I hate horror films.
I never understood why people would voluntarily pay to watch something that would make them afraid of the dark. So, when I started to hear buzz about a horror film called The Witch, my heart dropped to my stomach. When I watched the trailer, my stomach collapsed under the weight of my heart.
Ignoring my instinct to hide under the covers, I knew I had to give The Witch a chance. After making sure the sun would still be out by the time the film’s end credits started rolling, I set out to the earliest showing.
And I loved it.
Set in the 17th century, The Witch follows a family that is exiled from a New England plantation and settles down on the edge of an ominous forest. Despite their exile, all seemed well for the family until their newborn son suddenly vanishes. His disappearance acts as a catalyst for a series of inexplicable events that send them all down a path to insanity.

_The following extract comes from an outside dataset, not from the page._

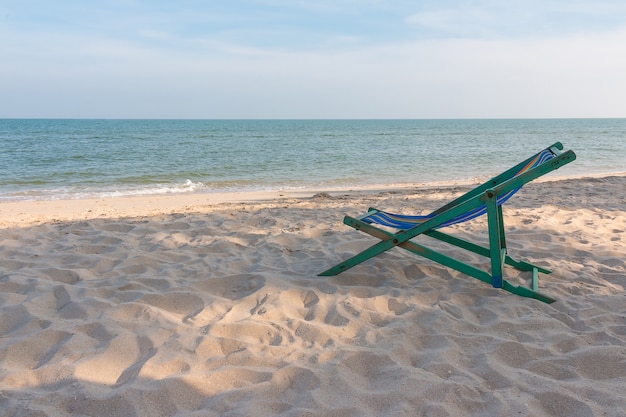 chaise de plage en bois vide au fond de la plage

Robert Eggers does a fantastic job in his directorial debut. The way he is able to create and maintain an eerie ambiance throughout the film keeps the audience captivated by what happens on screen. Unable to predict where the story goes, filmgoers will constantly ask themselves “What the f--- is happening?” Only at the very end will they get their answer and the journey to that answer is equally horrific and hauntingly mesmerizing.
Although dark, the cinematography is beautiful and the historical accuracy of the time truly sends one back to when witches were as much of a threat as mother nature or disease. The Witch is essentially a deeply religious, 17th century man or woman’s worst nightmare. To the film’s characters, witches are real. Because of that unwavering belief, there is no place for skepticism in this film. The film embraces what we consider fantasy or supernatural to the point where audiences will find themselves believing in it too, even if it only last until the picture ends.

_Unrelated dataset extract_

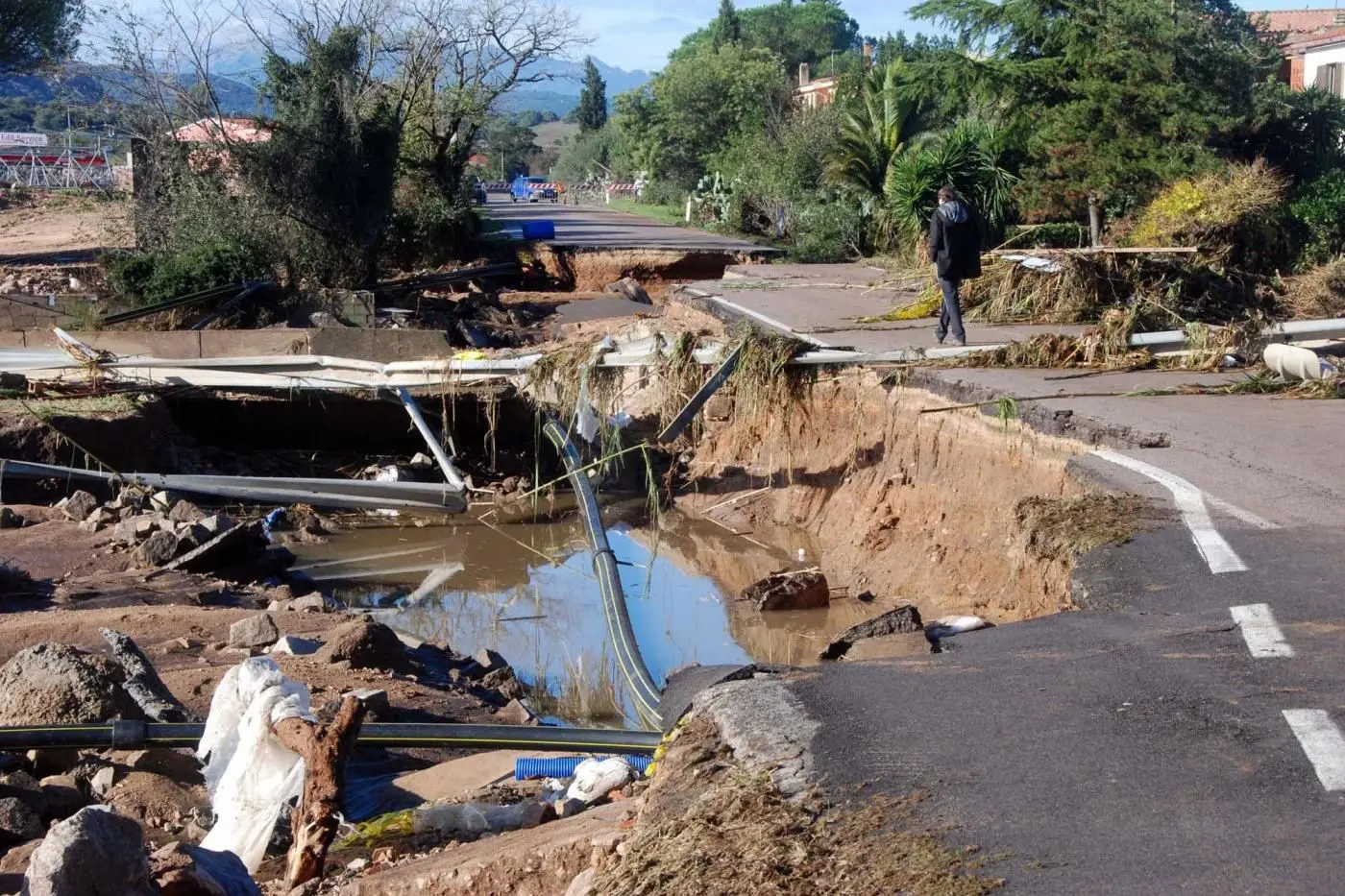 A man walks along a damaged a day after torrential rainstorms battered Sardinia, in Olbia, Italy, Tuesday, Nov. 19, 2013. The Mediterranean island of Sardinia, prized by the jet-set for its white sand beaches and crystal-clear seas, was a flood-ravaged mud bath Tuesday after a freak torrential rainstorm killed at least 17 people, downed bridges and swept away cars. Olbia Mayor Gianni Giovannelli said the city had been destroyed by the &quot;apocalyptic&quot; storm, with bridges felled and water levels reaching 3 meters (10 feet) in some places. He described the ferocity of the storm\\'s rains as a &quot;water bomb.&quot; (AP Photo)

This is not a film that will make you jump in your seat. It won’t make you scream in surprise or terror. It also won’t make you paranoid when you walk back to your car. This is the type of horror that makes you thankful that our witches of today are Hermione Granger and Melissa Joan Hart. The Witch reminds us that horror is more than the cheap scares Blumhouse has taught us to expect. It reminds us that suspense can be just as menacing.

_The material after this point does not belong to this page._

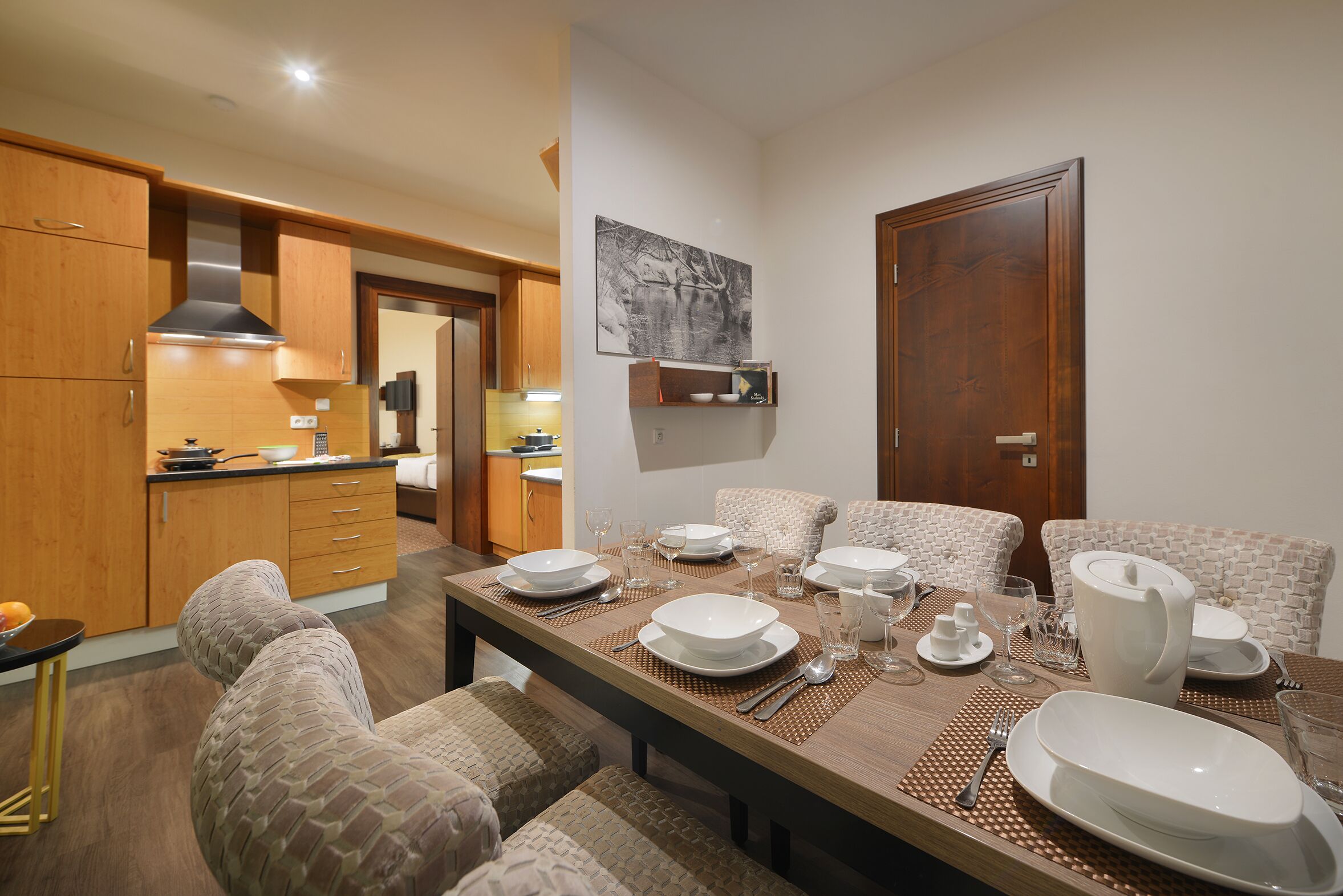 A dining area with a wooden table set for four, surrounded by cushioned chairs.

Every performance in this film is brilliant. Although I may have struggled to understand the dialogue at the beginning, by the end I had become accustomed to the English of back then. I was surprised by the sheer talent of the young actors, who matched Kate Dickie and Ralph Ineson’s intensity. Anya Taylor-Joy and Harvey Scrimshaw gave breakout performances that stay with audiences well after the film is over.
It may be early, but I am calling The Witch the best horror film of the year. I implore you all to watch it in the theater. Watch Deadpool again after.
The Witch was released on February 19, 2016.